Met La petite fille werden kleuren plots een stuk belangrijker in Broos foto’s. Toeval was het: costumière Lieve meeussen had op een dag een rood jurkje mee, actrice Anna Vercammen trok dat aan, en onder het repetitielicht dat er toen hing, ontdekten Goris en Broos meteen hoeveel mogelijkheden dat gaf. Op de finale foto is dat kleedje nu een oranje vlek die alles aanzuigt. ‘De keuze voor kleur of zwartwit is een inhoudelijke kwestie’, legt Broos uit. ‘Wat vertelt het beste het verhaal? Bij Droesem kozen we voor zwartwit omdat het scènebeeld al zo kleurig was dat het op foto net Tiktak werd. Dat trok je juist van het verhaal weg, in plaats van het te versterken.’ Van Nachtevening hebben de beelden dan weer een groenige schijn. ‘Ik ben fan van één kleur die de bovenhand heeft’, aldus Broos. ‘Die monochromie legt een atmosfeer, de rest is accentwerking. Steeds zoek je naar een helderheid waar alle ballast van afgegooid is.’
BUITEN DE vaste KADERS
Theaterfotografie: voor Broos en Goris gaat het om een elementaire kunstvorm. Net daarom vinden ze het zo ontstellend hoeveel mogelijkheden er onderbenut blijven. ‘Het lijkt wel alsof de foto-bij-de-recensie de enige bestaansvorm van theaterfotografie is’, aldus Goris. ‘Waarom kan er op die dubbele fotopagina in De Standaard niet ook af en toe een theaterfoto? Waarom kunnen theaterfoto’s niet vaker opduiken buiten de context van theater?’ Zo vindt Broos het fantastisch dat Maarten Vanden Abeele door het M HKA wordt opgepikt, of dat je in het MAS ook een paar theaterbeelden kan zien hangen. ‘Mensen linken dat helemaal niet aan theaterfotografie, zij kijken gewoon. Hokjesdenken is dus nergens voor nodig. Ook kranten en communicatiemensen zouden veel uitdagender keuzes kunnen maken. Durf toch gewoon! Het publiek wordt algemeen onderschat.’
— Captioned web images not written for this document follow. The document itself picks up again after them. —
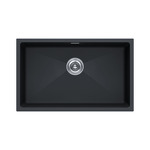 Превью картинка Гранитная мойка Paulmark LUMI 74 UNI LU74-AN Антрацит #1
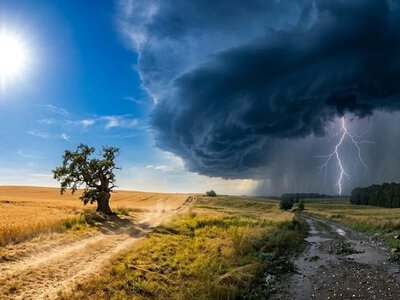 До України йдуть дощі та грози: де у неділю вируватиме негода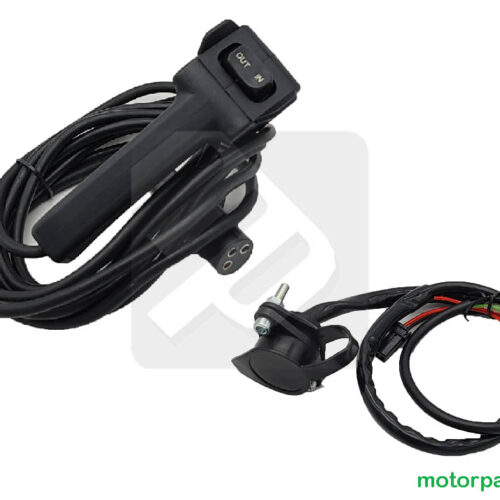 kit comando verricello con cavo originale Can am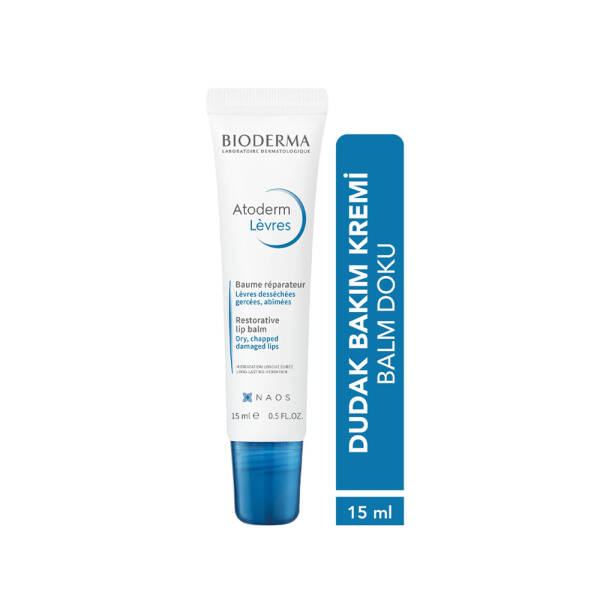 Bioderma Atoderm Lip Balm Dudak Balmı 15ml - 2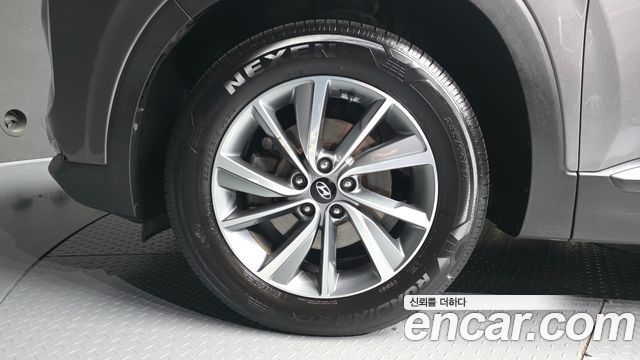 Hyundai Santa Fe (TM) Diesel 2.0 2WD Premium 2019 — фото 5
Ook artistiek ziet Broos voor theaterfotografie een grotere rol weggelegd. ‘Wat ik mis in de hedendaagse schilderkunst, is spel met compositie. Zelfs Michaël Borremans bekijkt zijn cadrage nog vrij klassiek. Daar ligt een uitdaging voor ons, fotografen. Fotografie bestaat nu 150 jaar, ze zou veel explicieter op zoek moeten gaan naar andere cadrages: de gulden snede herdenken, andere spanningen creëren door te gaan variëren op compositie. Zo zie ik toch mijn parcours. Men verwijt mij dat ik mensen hun koppen afsnij, maar daar ligt nog een hele weg open. Bij Inne klopt mijn zoeken daarin. Haar werk verdraagt wrange compositorische keuzes.’ Net in zo’n zoektocht behoudt theaterfotografie ook zijn voorsprong op video, vindt Broos. ‘Straks kunnen alle fotocamera’s ook filmen, maar het voordeel blijft dat 80% van de mensen die filmen, slecht kadreert en vooral registreert.’ Goris knikt. ‘Koen slaagt erin om op sommige foto’s de kou of de angst voelbaar te maken. In video blijft daar altijd erg veel ruis en onnodige extra informatie op zitten. Als ik een dvd van mijn eigen werk zie, krijg ik acute buikpijn. Foto’s blijven momentopnames, maar je kan er sneller mee naar de essentie gaan.’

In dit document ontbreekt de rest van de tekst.